No tenemos sarampión endémico desde el 2000. Tras el resurgimiento del sarampión en el mundo, Argentina afrontó desde agosto del año pasado el peor brote de los últimos 20 años: produjo 179 casos (una mujer murió). Fue controlado gracias a acciones intensivas de vacunación (el aislamiento por la pandemia de coronavirus también ayudó). Tras 12 semanas sin casos, en julio se dio por finalizado el brote, lo que permite al país conservar el estatus de libre de sarampión.

✔Se redujo 52% la internación de niños por neumonía probablemente bacteriana gracias a la vacunación contra el neumococo.

✔Disminuyó 82% la letalidad de los recién nacidos gracias a la vacunación de las personas gestantes contra la tos convulsa.

✔No se realizan trasplantes de hígado por hepatitis A en niños vacunados desde 2007, gracias a la vacunación que empezó en 2005.

«Todo ese impacto ha sido generado porque tenemos en cada rincón del país personas que acercan las vacunas a quienes están dispuestas a recibirlas y a toda la población objetivo«, afirmó Analía Aquino, asesora de la secretaría de Acceso a la Salud.

Aquino, que recorre el país capacitando vacunadores, afirma que son múltiples las tareas que emprenden cada día. «Desde controlar la heladera a la mañana, que estén las vacunas a la temperatura adecuada; hablar con los padres, disipar temores; organizar postas de vacunación en las escuelas», señaló.

Y añadió: «Muchos se levantan muy temprano a recorrer caminos, a armar postas, a buscar a las personas que quizás no acceden a la vacunación porque no se pueden movilizar. Es un colectivo muy diverso en nuestro país con múltiples culturas. Son personas que surgen mayormente de las comunidades donde ellos trabajan y en esa diversidad los une un gran amor y una gran pasión por su trabajo».

La pandemia, destacó Aquino, presenta nuevos retos y nuevos desafíos. «Los vacunadores no han retrocedido, sino que están presentando nuevas estrategias, generan actividades que a nosotros no se podrían haber ocurrido, pero ellos con su creatividad acercan las vacunas a todos y todas».

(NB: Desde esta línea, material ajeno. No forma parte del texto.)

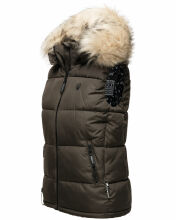 Marikoo Eisfl&ouml;ckchen Damen Winter Steppweste mit Fellkragen Anthrazit XXL - Gr. 44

Barbijos decorados y regalitos para los niños y niñas  hechos por vacunadores en Mendoza.

Barbijos decorados y regalitos para los niños y niñas hechos por vacunadores en Mendoza.

La vacunación es considerada actividad esencial, por lo que los vacunatorios están abiertos y se alienta a la población a concurrir para cumplir con el calendario (tanto niños, niñas y adolescentes como adultos) y completar esquemas que puedan haber quedado atrasados.

“Las vacunas salvan vidas, nos igualan y en un calendario que tiene vacunas para todas las etapas de la vida, gratuitas y obligatorias porque son un bien social, que está por encima del bien individual. Todos estos logros no se alcanzarían sin los vacunadores y las vacunadoras», concluyó Vizzotti.